Dr. Jiankui was asked if he had any plans to post a draft of his manuscript on a preprint server such as bioRxiv; Dr. Jiankui said he had considered doing so earlier but had been advised against it. He indicated that he would reconsider that position.
Missteps and Moving Forward
Criticism of Dr. Jiankui’s work grew—“abhorrent” and “criminal” were just two reactions. Speaking to CNN, Jennifer Doudna said, “I don’t think there’s any way to defend using a brand new and experimental technology when there are established ways of avoiding HIV transmission… There’s just no way to defend it.”
Earlier in the summit, however, George Daley, M.D., Ph.D., dean of Harvard Medical School, struck a more conciliatory tone, counseling the audience and the wider community to learn from the problems with Dr. Jiankui’s study. “Just because the first steps [in germline editing] are missteps doesn’t mean we shouldn’t step back, restart, and think about plausible and responsible pathway for clinical translation,” Dr. Daley said.

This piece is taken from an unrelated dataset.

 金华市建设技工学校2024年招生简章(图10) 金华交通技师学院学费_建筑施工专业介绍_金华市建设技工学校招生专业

In the statement that resulted from the inaugural Human Gene Editing summit in 2015, the organizers firmly concluded: “It would be irresponsible to proceed with any clinical use of germline editing unless and until…” safety concerns could be set aside, a societal consensus about the appropriateness of the application could be reached, and appropriate regulatory oversight was in place. “At present, these criteria have not been met for any proposed clinical use,” Dr. Daley said.

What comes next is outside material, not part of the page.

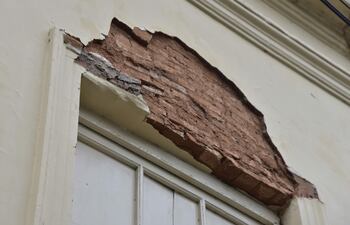 El revoque y las molduras desprendidas de la pared externa del local escolar, no podrán ser reparadas por falta de recursos en el MEC, dicen.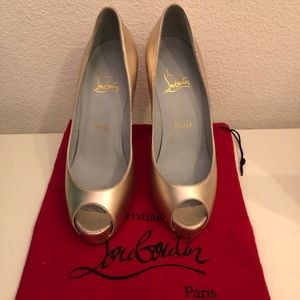 CHRISTIAN LOUBOUTIN SALE TODAY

Dr. Daley noted that there have been dozens of reports published over the past three years on human genome and germline editing. (Dr. Daley highlighted a recent review by Carolyn Brokowski in The CRISPR Journal.) But Dr. Daley noted an interesting evolution in the tone of some of the major ethics reports, with the 2017 U.S. National Academies of Sciences and Medicine report recommending “a need for caution” in any move towards germline editing, “but that caution does not mean prohibition.” The following year, a major report by the U.K.’s Nuffield Council said, “We can, indeed, envisage circumstances in which heritable genome-editing interventions should be permitted.”
It is time, Dr. Daley argued, “to move forward from prospects of ethical feasibility to defining the pathway and regulatory standards that a group would be held to in order to bring this technology forward. If we’re ever going to practice this with a deep sense of social justice, there needs to be additional definition between permissible and impermissible.”
“The fact that the first example came forward as a misstep should in no way lead us to stick our heads in the sand and not consider the very positive aspects that could come forth from a more responsible pathway to clinical translation.”
Dr. Daley closed saying: “The fundamental principle of self-regulation is something the scientific community has adhered to and is something I would defend.”